Bruell, Prof. John Ting
and others who supported Leitch’s nomination cited his clear teaching style, high expectations and open-door policy, especially for students who struggle academically.
“Don is the patron saint of troubled students and is full of creative solutions,” Bruell said. “He has worked constructively with students that most faculty members would give up on.”
“Don is old-school in his teaching method,” Ting wrote in a letter supporting the nomination. “He sets high, no-nonsense expectations for the students’ learning (as one would expect in a profession where incorrect design has life-or-death implications). But once students understand that he is entirely devoted and will go out of his way to help them learn and succeed, they genuinely appreciate him.”
Leitch says he had good mentors himself when he was learning how to teach. He’s characteristically modest about his accomplishments.
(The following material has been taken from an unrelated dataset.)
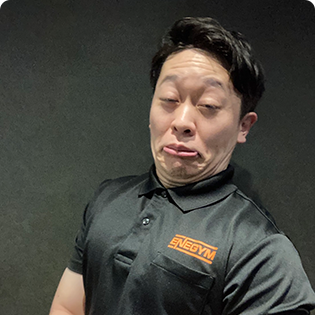 マッチョなENEGYMのトレーナー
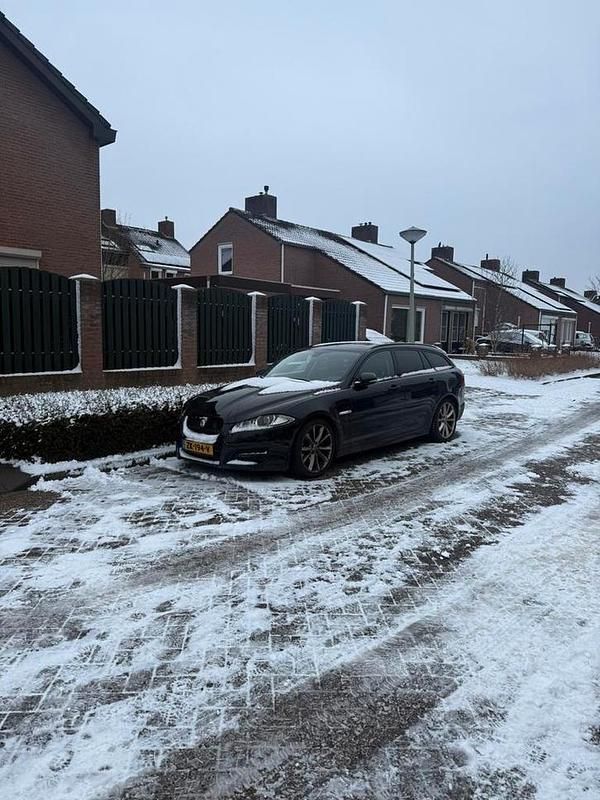 Occasion 2014 Jaguar XF Sportbrake Stationwagen | € 9.399 - Afbeelding 1/4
“I don’t know if I’m a great teacher, but it’s my attitude toward the students,” he says. “It’s a matter of accepting students, whoever they are. I think I’m fair. My door has always been open, students know how I’m going to grade them – and I’m a preparation freak.”
That means preparing new lesson plans for every class, every year, instead of falling back on old teaching notes. It also means making sure that students understand how everything they’re learning relates to what they will do as professional engineers.
“If you don’t freshen up, you’re not as thorough,” he says. “Every year is different, and the students are different.”
Some of those former students include Lisa Brothers ’84
, now chairwoman and CEO of her own civil engineering firm, who said Leitch advocated for her and helped her thrive as a first-generation college student and one of the few women majoring in engineering at the time.
“He cared about me and my future success. He often checked in on me and engaged me in conversations that not only made me feel welcomed, but also proved to be significantly positive and impactful in my life,” she said in a letter supporting his nomination.
Another former student, Mary McCormick, said that her freshman year, she struggled in Leitch’s class. But she could knock on his office door at any hour and he would say, “Pull up a chair.”
“Together, we would delve into a problem,” she said. “To this day, his class – the one that I once dreaded more than all others – is still my favorite class because it’s where I learned how to learn engineering.”
Students have fun with Leitch, whether he’s dressed up as “Exama Claus” at the department’s annual holiday party and reading “’Twas the night before finals,” or letting students break wood studs in the materials testing lab.
Working with the student chapter of the American Society of Civil Engineers, he started the Concrete Canoe Team
in 1977 and advised it for 30 years.
The first concrete canoe, a behemoth of 600-plus pounds, sank in the Kenduskeag Stream in Bangor, Maine, creating a new obstacle for paddlers in the conventional canoe race that followed. But the teams improved. In three of the past six years, the UMass Lowell team has advanced to the national championships, always accompanied by Leitch.
“Every time I meet a fellow alum from the civil and environmental engineering program, the first question I get after I tell them I work at UMass Lowell is, ‘Is Prof. Leitch still there? Is he still lifting 94-pound bags of cement in the Concrete Lab?’” said Edward Hajduk
, a full-time lecturer and the ASCE chapter’s current adviser.
“He is an exceptional educator who blends practical applications, hard work and affection into a unique learning experience.”